Talk a little bit about the costumes. Both Tron: Legacy and Oblivion have really unique costumes. Talk a little bit about collaborating to come up with that look, and again to come up with stuff we have not seen before.
Kosinski: Right, well the look of Jack Harper’s costume had to fit the world he was living in; the bubble ship, the sky tower, all had to feel like one consistent aesthetic. I wanted it to feel like everything is connected. It has to feel consistent the technology, the palate and the materials. Jack’s suit, you know, we haven’t seen our science fiction hero in a white suit before I don’t think, that’s a unique look. So that certainly was one of the aesthetic challenges that you have to push through an industry that’s used to having heroes in black. Pick any movie all these palates look the same, so having to switch that on its head was one of the early challenges of pushing this aesthetic through, but that’s what makes something look different you’ve got to change the perception around it a little bit. I worked as hard on the design of the costumes as everything else and had a great costume designer to collaborate with on this movie in Marlene Stewart.
Which I’m actually a fan of because I think too much gets out there now a days.
Kosinski: Absolutely. This movie is a thriller, it’s got a lot of twist and turns and the movie needs to be experienced in the theater. So that’s always the challenge, particularly with a movie like this, how do you say enough to an audience to promise them that there is a story worth coming to see but in doing so don’t give away enough that they see things coming. That’s always a challenge. But it is a thriller, my advice would be if you’re sold on going based on what you’ve seen so far, don’t watch anything else. That’s what I do, once I’m sold I cut it off I don’t look anymore because I find that the experience itself I so much more enjoyable.
I completely concur. Originally there was a bidding war for the property, Disney lands it, they wanted to do it PG, you wanted to do it PG-13, and they let you-
Kosinski: It wasn’t really the ratings; it didn’t come down to something just as simple as PG-13 or PG. I think when the movie comes out it will be very clear as to why it didn’t make sense as a Disney movie. There’s some stuff in the trailer that’s very un-Disney that was always important to me to be in the movie. Obviously I have a great relationship with Disney and all the people over there and it was a totally amicable decision that in order for the movie to be what it wanted to be it didn’t make sense to be there. So we landed at Universal which was a great place for it and now the movie’s kind of able to be what it needs to be. Disney’s clearly in the business of doing giant tentpole movies based on properties that they own. And that’s what they should be doing because they’re great at doing that.

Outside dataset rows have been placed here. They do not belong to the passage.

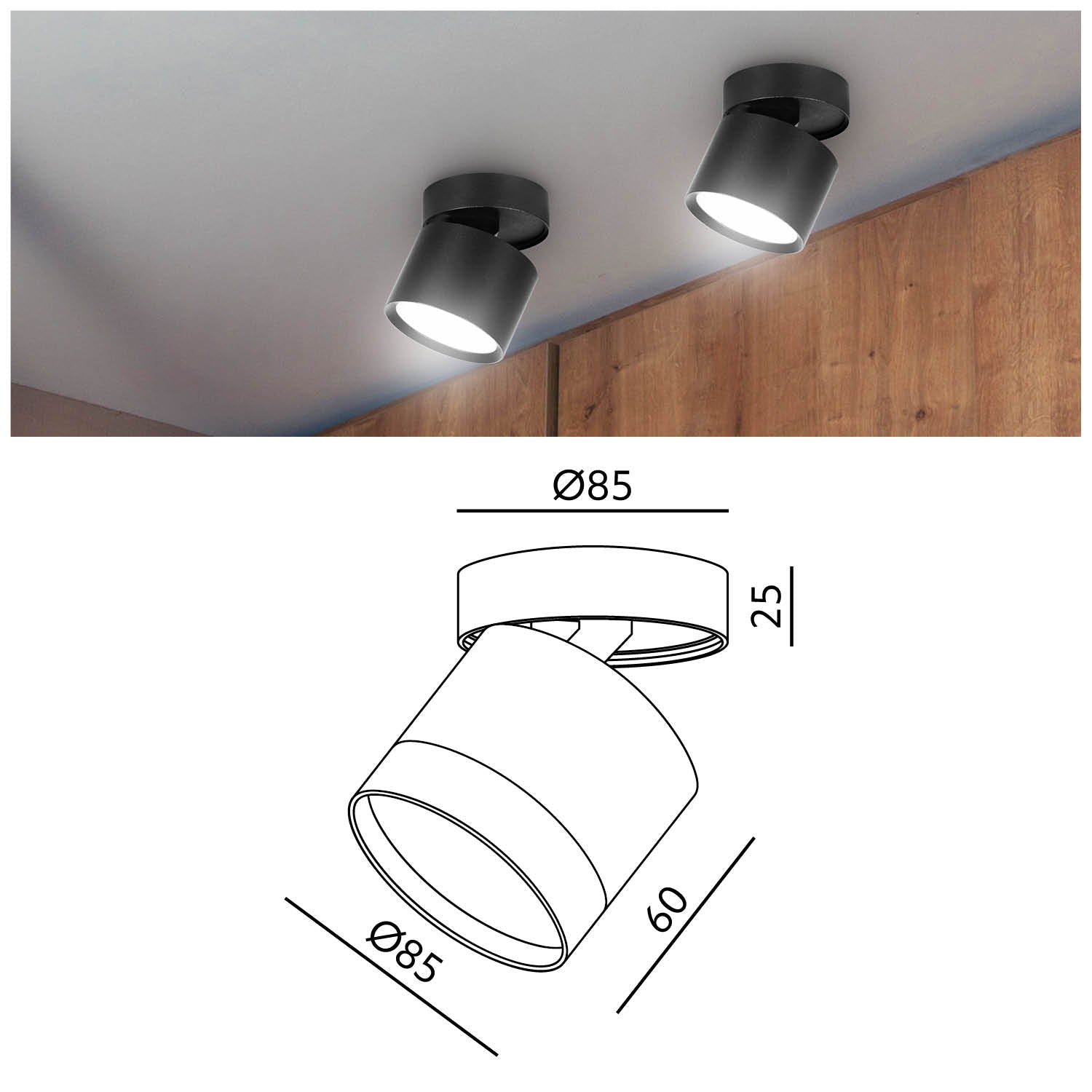 Oprawa Halogenowa Natynkowa Tuba ruchoma Gx53 LED Spot Kinkiet Sufitowa - LAITICA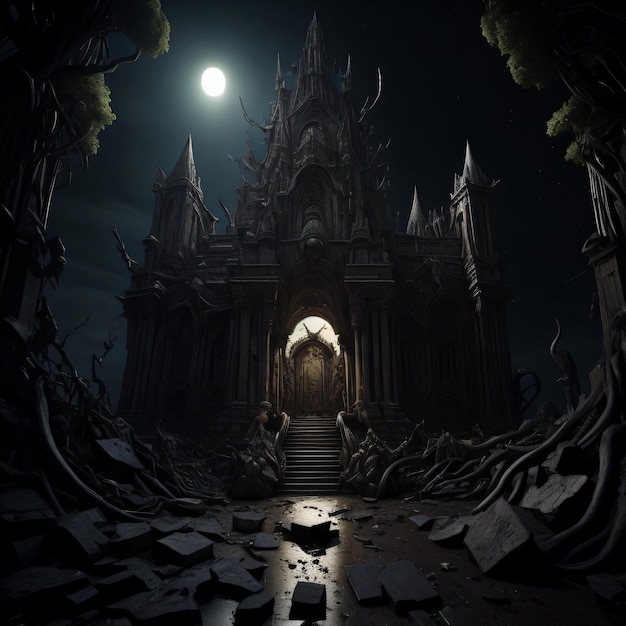Un'immagine oscura e inquietante di un castello con la luna sullo sfondo.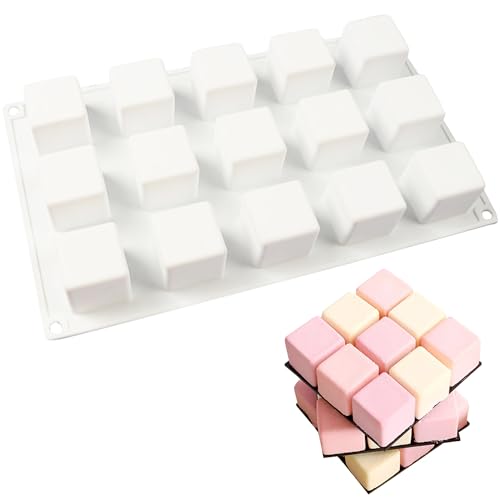 OCPO Kitchen 3D Cube Silicone Mold for Baking Mousse Cake, Square Baking Molds for Chocolate Candy Pastry Truffle Cupcake Jelly Cookie Pudding, Square Shape (15-Cavity) - style: Small Cube (15-Cavity)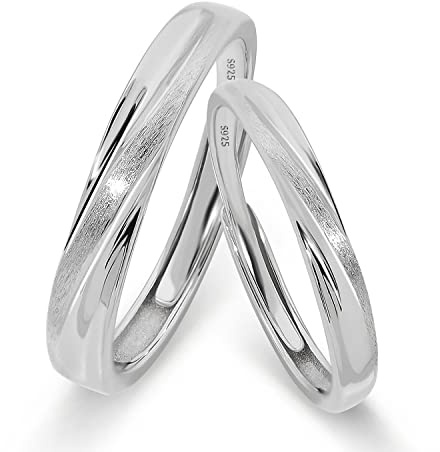 Meissa Anelli di coppia in argento 925 Fascia di coppia a torsione per uomini e donne Anello di fidanzamento promessa di matrimonio anello di anniversario Set di anelli, Set di due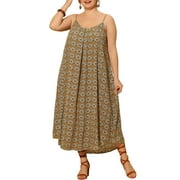 MODA NOVA Juniors Plus Size Summer Spaghetti Strap Beach Bohemian Midi Dress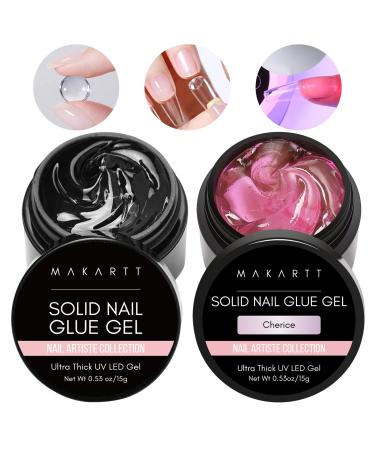 Makartt solid gel nail glue - 15ml nail glue gel for artificial nails extra strong nail tips solid nail glue UV non -stick hands clear and cherice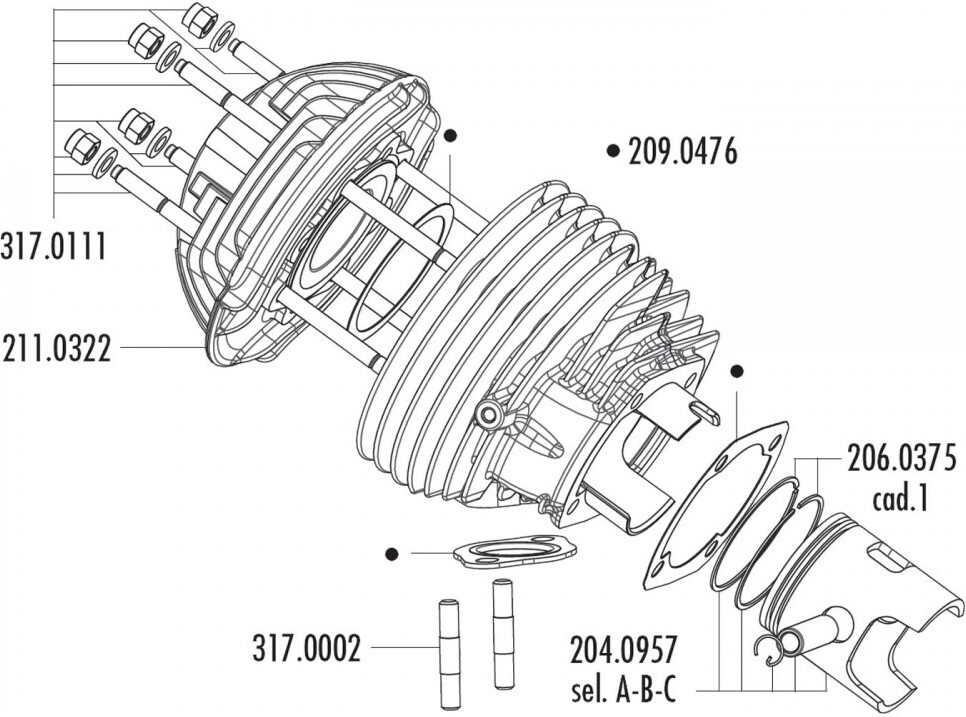 Kolben Satz Polini 135 mm 58 mm B für Vespa 125 Primavera 2T, Primavera ET3 2T 204.0957/B
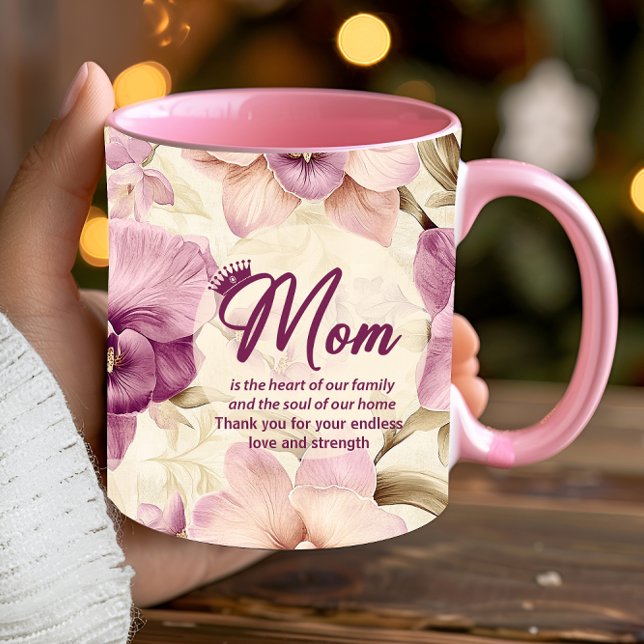 Best Mum Ever Heart Flowers Photo Crown Mother Mug (Best Mom Ever chic elegant for her grandmother grandparents girly  pink kids names make it diy yours)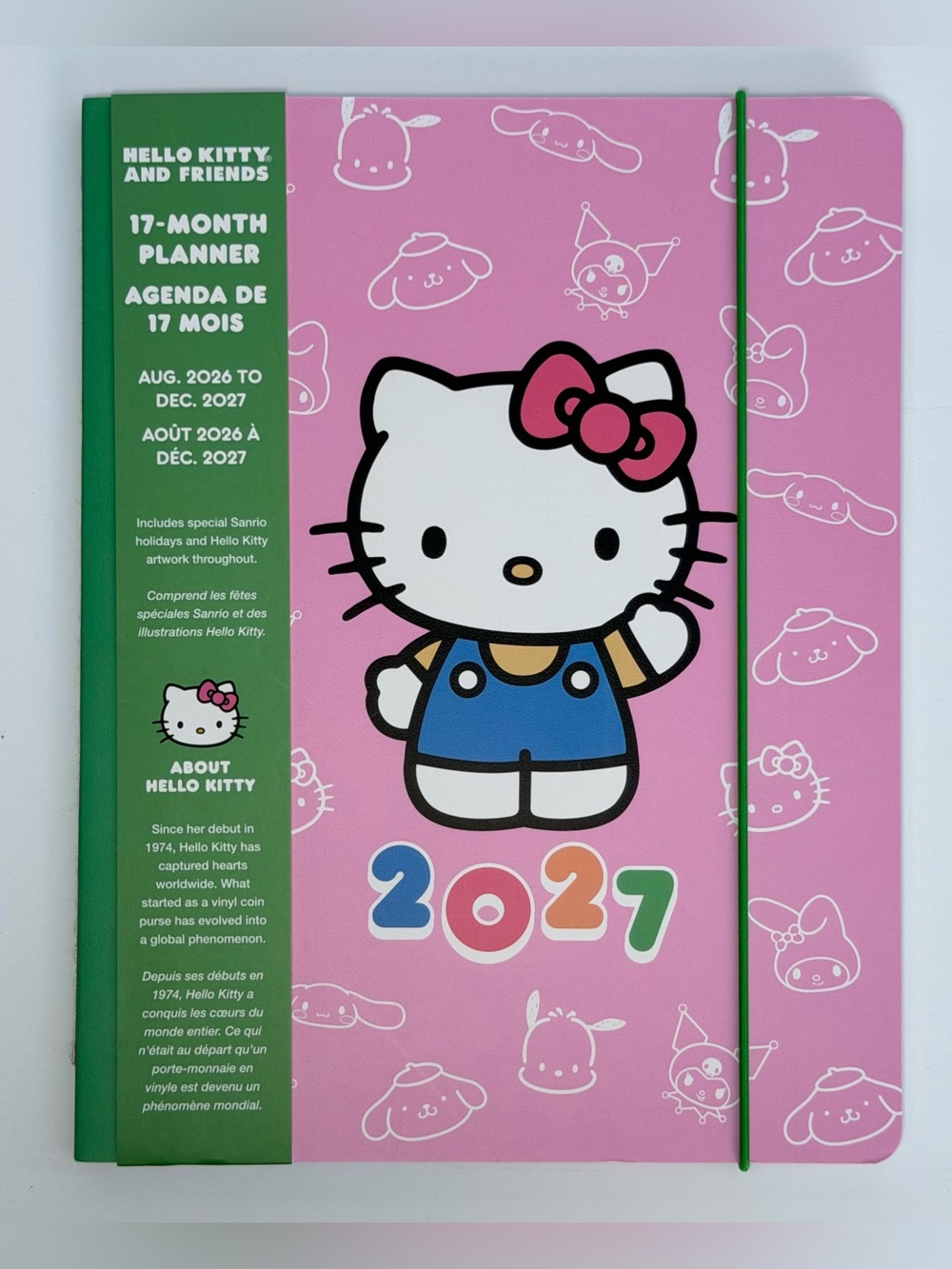Sanrio Hello Kitty 17-month 2026-2027 Slim Thin Planner (Pink/Green)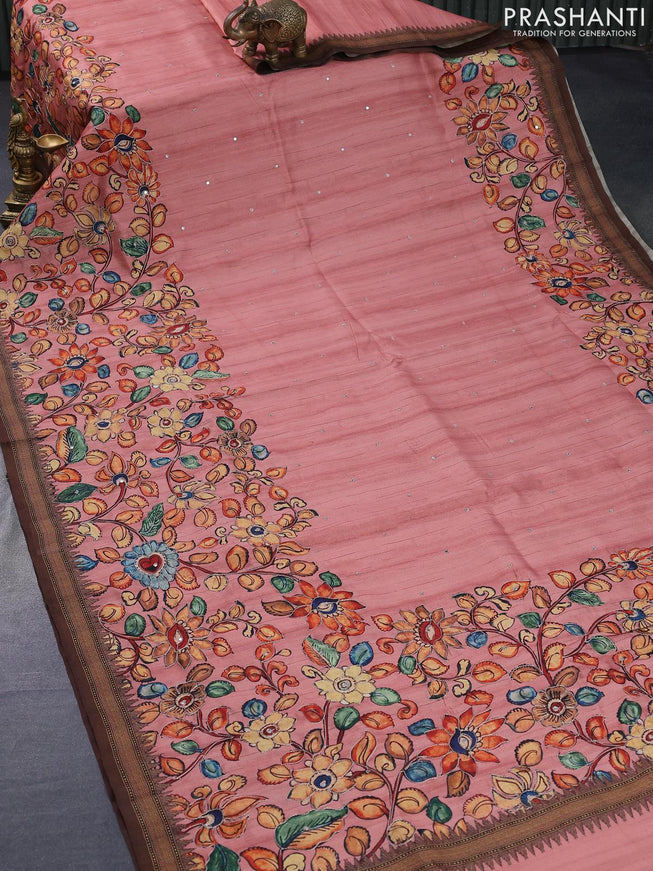 Semi tussar saree pastel peach and brown with kalamkari prints & mirror embroidery work and vidarbha style border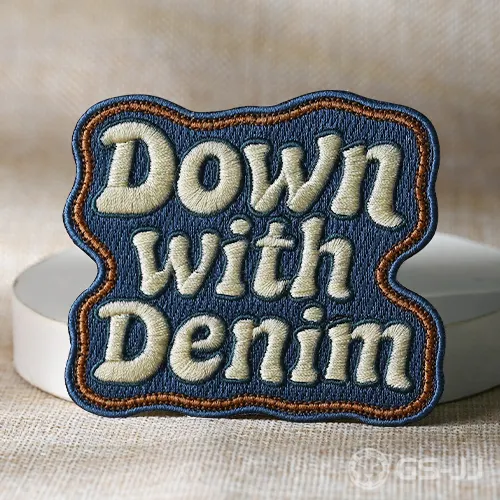 Down with Denim Retro Embroidered Patch Down with Denim Retro Embroidered Patch
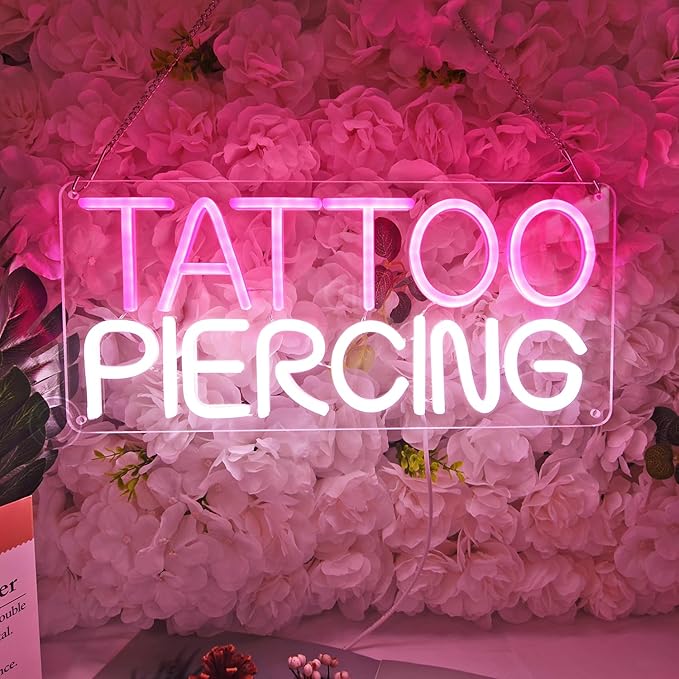Britrio TATTOO Neon Sign Light Salon Studio Shop Plaque Pink LED Wall Art Decor Sign for Body Piercing Business Stores Beauty SPA Man Cave Garage Office Birthday Gift Indoors 5V USB 15.8 IN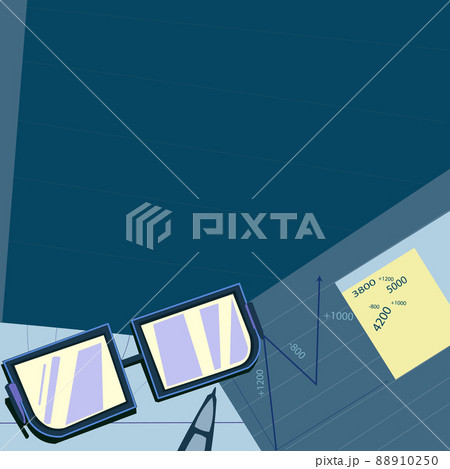Glasses sitting on desk surrounded with papers consisting charts calculation future successful financial plans. Notepad being presented featuring estimating project finances. Glasses sitting on desk surrounded with papers consisting charts calculation future successful financial plans. Notepad being presented featuring estimating project finances. 88910250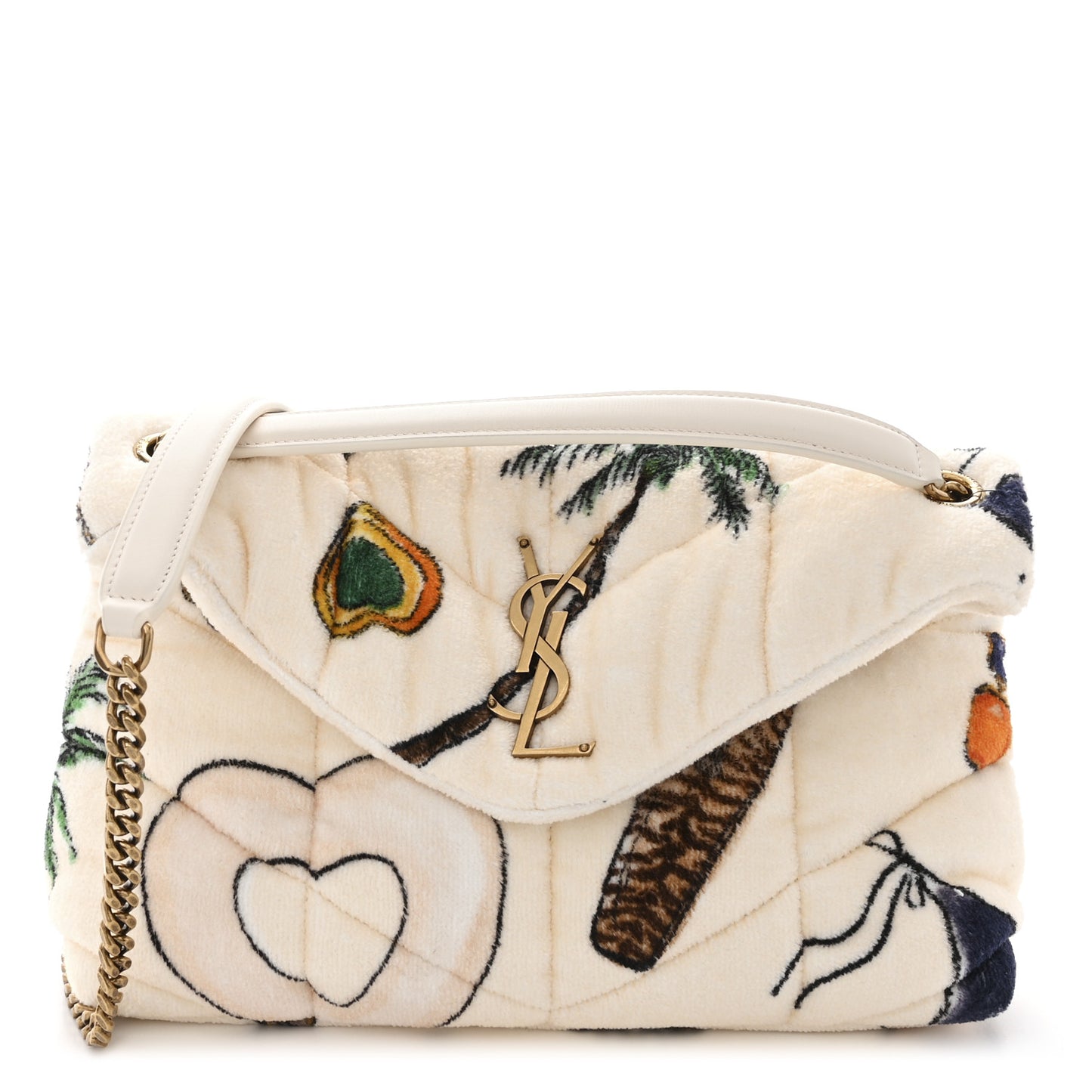 Terrycloth Summer Print Quilted Small Loulou Puffer Monogram Chain Satchel Multicolor White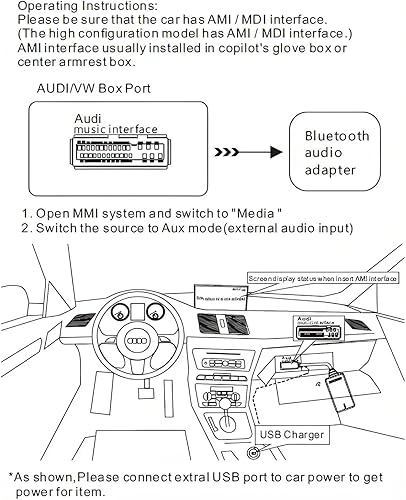 Miniatura 7 de Adaptador Bluetooth 5.0 Receptor de audio para Audi, AMI MMI Bluetooth Kits de coche Cable de interfaz de música, adaptador de cable de interfaz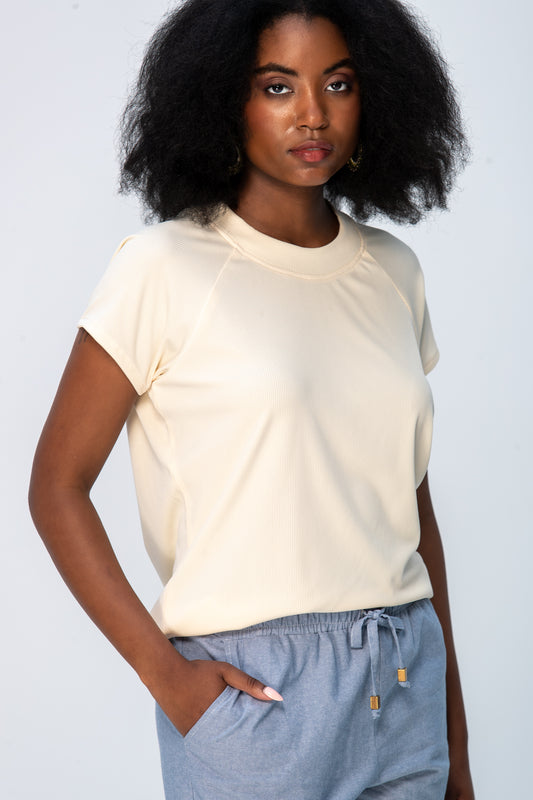 Rosa Summer Round Neck Tee - Butter Yellow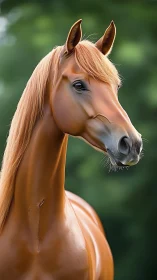 Chestnut horse portrait captures poised elegance outdoors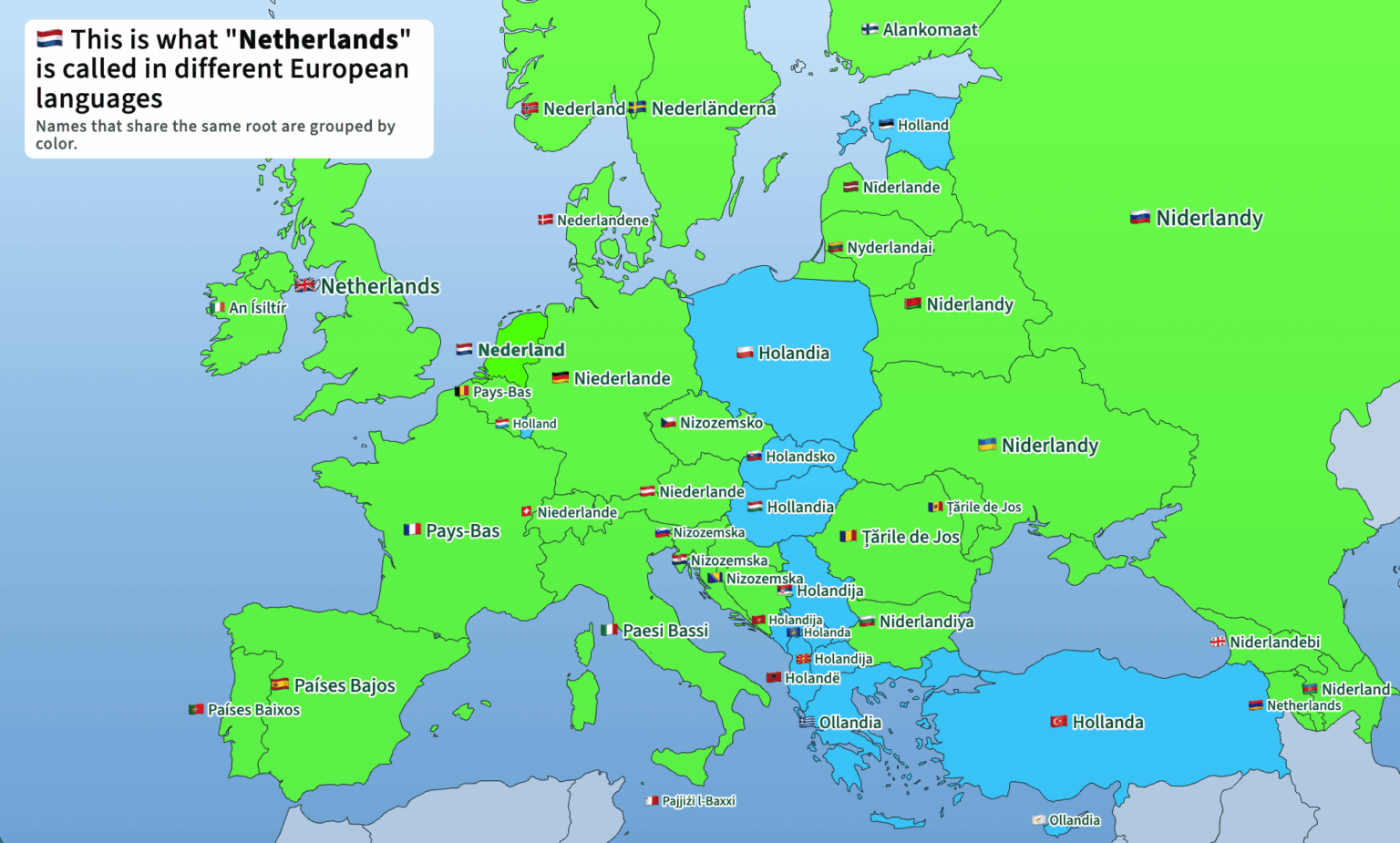 There's an exonym "corridor" of countries that call the Netherlands "Holland", spreading all the way from from Poland to Turkey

Was it tough to get him? Obviously he’s a big movie star and getting him to commit to something is a big deal. Talk a little bit about that first meeting with him, pitching him the idea, was he sent the script?
Kosinski: There was no script, that’s kind of the amazing thing. I showed the ashcan, which is kind of like a little eight page preview I don’t know if you’ve seen it. The first thing that came out, it was at Comic-Con 2010.
Right, from Radical comics.
Kosinski: Yes. That’s all I had. Obviously I had the whole treatment, but in that little ashcan we just put a little opening chapter that kind of introduced the story and it had like eight pictures in it; just a little teaser pamphlet. The day after I got back from Comic-Con I got a call from his agent that he wanted to meet, that he had seen the ashcan. Somehow he had gotten his hands on it the day after Comic-Con. So we had a meeting out at his hanger and I pitched him the story—there was no script yet—and based on the pitch he signed on.
At the meeting did you get the vibe that he was really interested?
Kosinski: I did. And you don’t know if someone’s really interested or if they’re being friendly because you just spent two hours pitching the whole thing out and they’re like “Yeah, that sounds fantastic,” and then you never hear from them again. That was the first time I had met him, but he was really enthusiastic and we just hit it off immediately as to what the film was really about. I got a call from his agent right after the meeting saying, “No, seriously, normally it doesn’t work this way. Normally there’s a script and there’s a process and everything, but he’s on board a hundred percent.” And he’s been a hundred percent committed to this project since that first meeting every single day and the experience of working with him is the best I’ve had. In my short career of making two movies the experience of working with Tom is at the top. It was unbelievable in every way.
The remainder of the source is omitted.